«L'Épopée de Gilgamesh raconte la quête d'immortalité*, roi de la cité d'Uruk (aujourd'hui Warka à mi-chemin entre Bagdad et Bassorah). [...] Ce mythe est le lus long qui nous soit parvenu. En son intégralité, il atteignait sans doute 3 000 vers répartis en onze tablettes, dont nous connaissons aujourd'hui les deux tiers. Autres particularités: sa longue maturation dans le temps et sa grande diffusion dans l'espace. [...] L'expansion du mythe fut spectaculaire. On a trouvé des tablettes relatives à Gilgamesh en dehors de la Mésopotamie: jusqu'en Asie mineure (à Bogazkoy, en Turquie), à Megiddo (Israël), à Ugarit (Syrie). (Jean-François Mondot, «L'Épopée de Gilgamesh», Les Cahiers de Science & Vie, n° 116, avril-mai 2010 p. 100)
Les amis inséparables
Le génie de la culture de la Mésopotamie*(1), qui couvre pour une bonne part l'Irak contemporain, nous offre un récit d'une puissance tragique incomparable dans l'Épopée de Gilgamesh, malheureusement très peu connu en Occident. (10) Ce poème épique raconte la rencontre entre deux hommes hors du commun: Gilgamesh, le grand roi d'Uruk, et Enkidu, le sauvage vaillant. Il chante l'amitié indissoluble qui lie les deux héros, la démesure de leurs exploits communs et la superbe de leur affrontement avec la mort qui se révélera plus forte qu'eux.

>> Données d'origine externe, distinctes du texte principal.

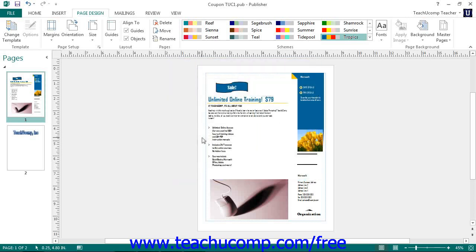The margins will appear within your publication as the blue lines that surround the page. When designing your publication, ensure that you do not place any content you want to appear on the page when you print into the designated margin areas.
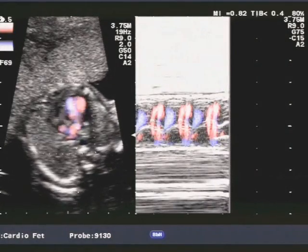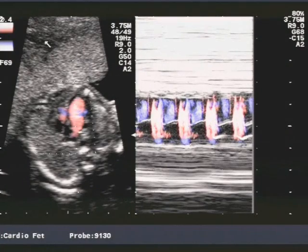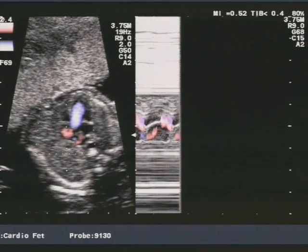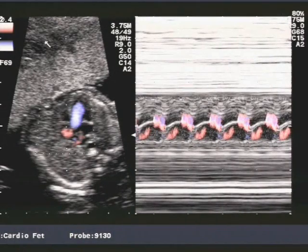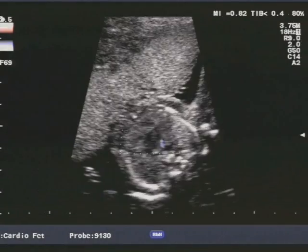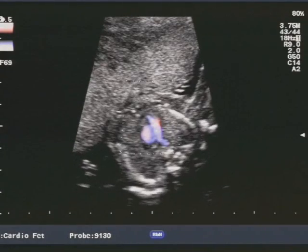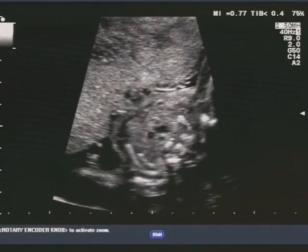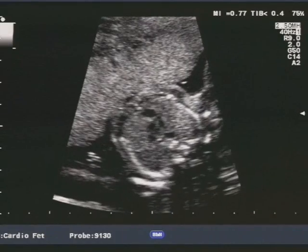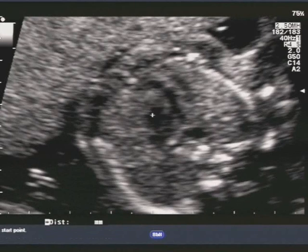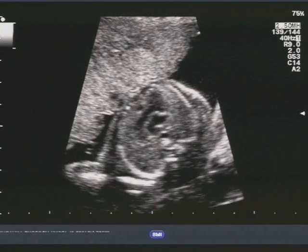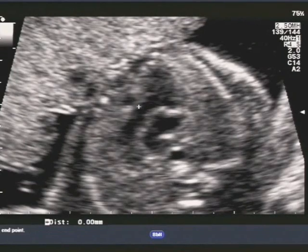Qui vedete che abbiamo una velocità massima che è intorno ai 90 cm al secondo, quindi sicuramente ai limiti alti, ma non suggestiva di patologia valvolare in senso stretto. Avete visto con l'aiuto del colore come la differenza tra la porzione destra e la porzione sinistra ventricolare sia decisamente importante. La mitrale è perfettamente continente, la tricuspide è perfettamente continente. Ed ecco che cominciano a sorgere dei dubbi in merito alla possibile diagnosi differenziale.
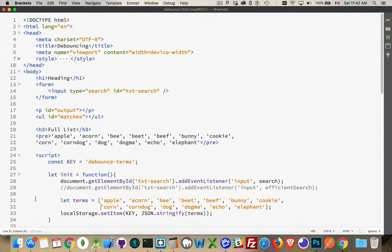Today I want to talk about debouncing. This is a term named after a script used in the Underscore JavaScript library. The purpose behind debouncing is, let's say you're trying to make frequent calls in an asynchronous way — you're accessing a database, you're making an Ajax call, you're doing something repeatedly.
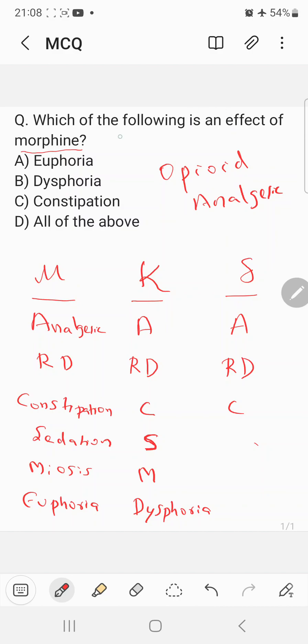The question was: which of the following is an effect of morphine? Euphoria is an effect, dysphoria is also an effect, and constipation is also an effect of morphine. So the answer is definitely D — all of the above. Thank you.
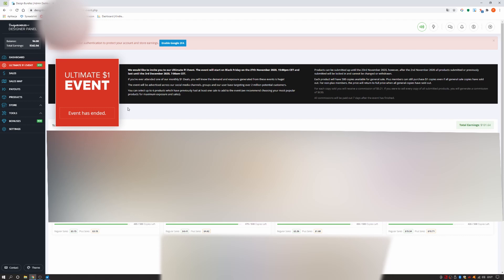You can select up to 6 products which have previously had at least one sale to add to the event. We recommend choosing your most popular products for maximum exposure and sales. Products can be submitted up until the 23rd November 2020.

En évoquant les hauts faits du roi bâtisseur qu'est Gilgamesh, on ne peut que s'exclamer: « Entre la multitude des hommes, il n'y en eut aucun qui pût rivaliser avec lui en souveraineté et déclarer comme lui: Le roi, c'est moi, moi seul! ». En revanche, ce roi est un tyran, un «buffle arrogant» qui abuse de ses sujets: « Ce Gilgamesh qui ne laisse pas un fils à son père [ ... ], ne laisse pas une fille à sa mère, [ ... ] même déjà promise.» Afin de mâter son despotisme, les dieux préparent pour lui un rival dans la personne d'Enkidu, un être robuste et libre qui vit dans la nature à l'instar des bêtes. Gilgamesh en est averti dans un songe qu'il confie à Ninsuna, sa mère :
«Ma mère, voici le rêve que j'ai fait cette nuit: tandis que m'entouraient les étoiles célestes, un bloc venu du ciel est pesamment tombé près de moi. J'ai voulu le soulever: il était trop lourd pour moi. J'ai tenté de le déplacer je ne le pouvais remuer ! Devant lui se tenait la population d'Uruk: le peuple s'était attroupé alentour. [ .. ] Les gaillards s'étaient massés pour le voir et, comme un bambin, ils lui baisaient les pieds; moi je le cajolais comme une épouse. Puis, je l'ai déposé à tes pieds et toi, tu l'as traité d'égalité avec moi!
Et la mère de lui interpréter ce songe:
«C'est qu'il t'arrive un compagnon puissant, secourable à son ami, le plus fort du pays, le plus vigoureux, aussi solide qu'un bloc venu du ciel ! Que tu l'aies cajolé comme une épouse: c'est que lui ne t'abandonnera jamais ! (11)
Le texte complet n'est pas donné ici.